Sound card:http://www.ebuyer.com/customer/products/index.html?rb=0&action=c2hvd19wcm9kdWN0X3Jldmlld3M=&product_uid=123088

video card:http://www.ebuyer.com/customer/products/index.html?rb=0&action=c2hvd19wcm9kdWN0X3NwZWNpZmljYXRpb25z&product_uid=125117

CPU:http://www.ebuyer.com/customer/products/index.html?rb=0&action=c2hvd19wcm9kdWN0X292ZXJ2aWV3&product_uid=130483

dvd drive:http://www.ebuyer.com/customer/products/index.html?rb=0&action=c2hvd19wcm9kdWN0X3Jldmlld3M=&product_uid=117543

Ram:http://www.ebuyer.com/customer/products/index.html?rb=0&action=c2hvd19wcm9kdWN0X3Jldmlld3M=&product_uid=118306

Hard drive:http://www.ebuyer.com/customer/products/index.html?rb=0&action=c2hvd19wcm9kdWN0X3Jldmlld3M=&product_uid=94406


----------



## blackduck30 (Sep 7, 2004)

I personally like this cooler

http://www.ebuyer.com/UK/product/120876

and I would also look towards a newer chipset like on this board

http://www.ebuyer.com/UK/product/129125

and for a little extra you can get an extra 90g of storage

http://www.ebuyer.com/UK/product/131301


----------



## bjonesy5 (Sep 1, 2007)

thanks for the help, do you think it will be cool enough? i will probably overclock...


----------



## TheMatt (May 9, 2006)

The only problem with going with the P35 is that you will be forced to spend extra money on so called DDR3 memory because in order to get max stability on an overclock you have to get the fastest memory your board supports or even faster memory. 

Take a look at this:
http://www.ebuyer.com/UK/product/118025

And get some of this memory:
http://www.ebuyer.com/UK/product/120455

This will ensure you get a stable overclock when yo go to do so.

Everything else looks good, but if you will be doing a lot of gaming but not calculations or encoding, bump down to the E6750 and use the extra money to bump up to an 8800GTS 640 MB or 8800GTX.


----------



## bjonesy5 (Sep 1, 2007)

thanks matt, the think is the less money i spend the better, so do you think it would be ok to downgrade to the E6750 but keep the video card the same and buy the mobo you advised and the faster ram you also reccomended? will i lose much performance as really i want this as a good gaming rig


----------



## TheMatt (May 9, 2006)

That would work out fine. You will probably be able to overclock it back up to 3+ GHz.
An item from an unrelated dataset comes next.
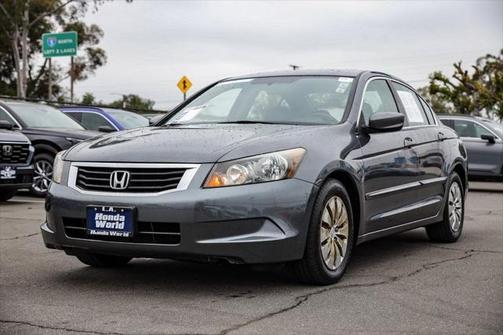 2009 Honda Accord 2.4 LX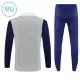 Tottenham Hotspur Sudadera De Entrenamiento Niño Cremallera Cuarto 25/26 Gris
You could even go with the E6550 for even more overclocking potential.


----------



## bjonesy5 (Sep 1, 2007)

ok, im going to go with the E6750 and your Ram and mobo reccomendations, is it going to be cool enough if i overclock everything?


----------



## kodi (Jun 30, 2004)

If you are worrying about cooling go for a Antec 900 case


----------



## bjonesy5 (Sep 1, 2007)

thanks for the help, do you think the PSU is a bit over-kill or is it about right if im overclocking?


----------



## pharoah (Aug 28, 2006)

TheMatt said:


> The only problem with going with the P35 is that you will be forced to spend extra money on so called DDR3 memory because in order to get max stability on an overclock you have to get the fastest memory your board supports or even faster memory.
> 
> .


i will say that logic is kinda flawed.that asus board clearly said ddr2.it doesnt even have ddr3 support.


----------



## bjonesy5 (Sep 1, 2007)

ive just noticed that, i may go with the p5k with the better 900mhz ram, would this work?


----------



## pharoah (Aug 28, 2006)

bjonesy5 said:


> ive just noticed that, i may go with the p5k with the better 900mhz ram, would this work?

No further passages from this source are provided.